Duell ohne TV: Cannabis vs. Sonnenblumen

Kaum lasse ich meine Schützlinge ein paar Tage alleine, werden sie mit Füßen getreten.

Heute sehe ich das Schlachtfeld vor mir – ein Dutzend der kräftigen Sonnenblumen liegt am Boden, ihre Stiele sind gebrochen – gut die Hälfte der Familie ist zerstört. Ihre überlebenden Schwestern schwanken mit hängenden Blättern im Wind.

Zwei liegende Blumen richte ich vorsichtig auf – ihre Stiele sind noch intakt – und lehne sie an ihre Gefährtinnen an. Ich hoffen, sie erholen sich wieder.

Was hat sich hier am Wochenende abgespielt? Während am Sonntag Merkel und Schulz im TV-Duell in Berlin-Adlershof Plattitüden austauschen, geht es in direkter Nachbarschaft in Karlshorst hand- bzw. fußfest zur Sache – was für ein Duell hat sich hier abgespielt?

No fake fact ist: Mittwochnacht sehe ich einige CDU-Wahlhelfer mit Leitern und Karren an den Laternen beim S-Bahnhof Karlshorst ihre Plakate aufhängen. Ich überlege noch, ob ich sie wegen meiner Sonnenblumen ansprechen und um Vorsicht bitten soll. Leider tue ich es nicht. Auch auf dem Rondell tauschen sie jedenfalls das Plakat ihres Kandidaten aus.

Ob das Fußvolk der Partei hierbei schon den Schaden angerichtet hat, kann meine forensische Analyse nicht beantworten.

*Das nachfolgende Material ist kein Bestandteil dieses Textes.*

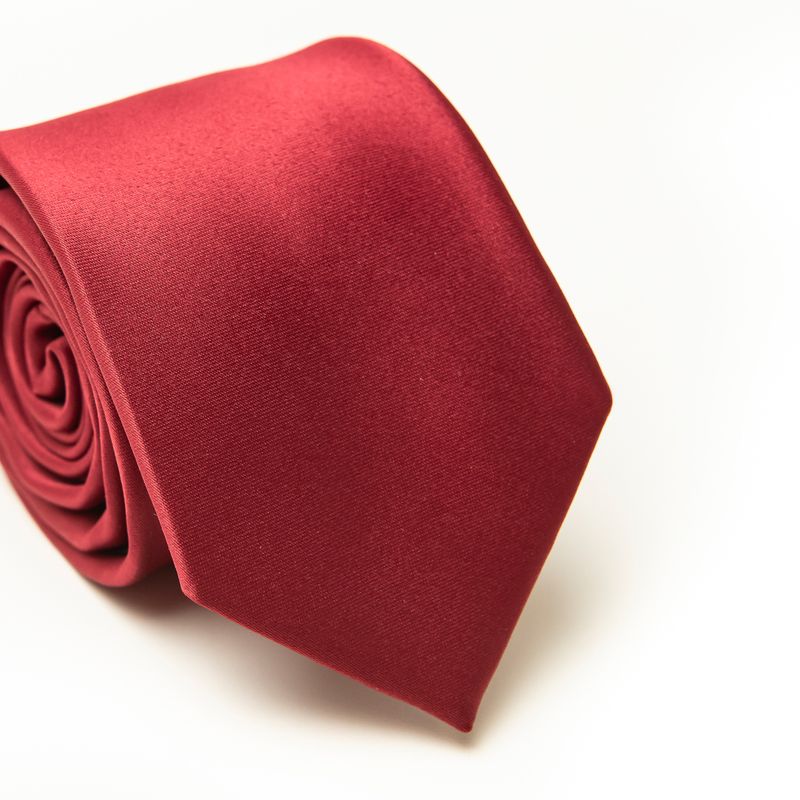 GravataTradicionallisaMarsala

Aber die jetzt blinden Augen des Kandidaten geben mir einen Hinweis – die weißen Flecken im Plakat deuten auf Vandalismus hin.

Im Gras direkt unter dem Plakat entdecke ich zerknüllte rote Aufkleber, zwei davon noch ganz gut intakt: Um ein Cannabis-Blatt kreist ein Schriftzug mit der Parole „GET UP & STAND UP * FOR YOUR RIGHTS“.

Gleiche Rechte für Sonnenblumen für aufrechten Stand und natürliches Wachstum scheinen die Pro-Cannabis-Aktivisten jedenfalls nicht zu gewähren!

Im Duell zwischen den Cannabis-Jüngern und den CDU-Anhängern um die Plakathoheit sind die Planzen vor dem Aufsteller jedenfalls rücksichtslos zertrampelt worden.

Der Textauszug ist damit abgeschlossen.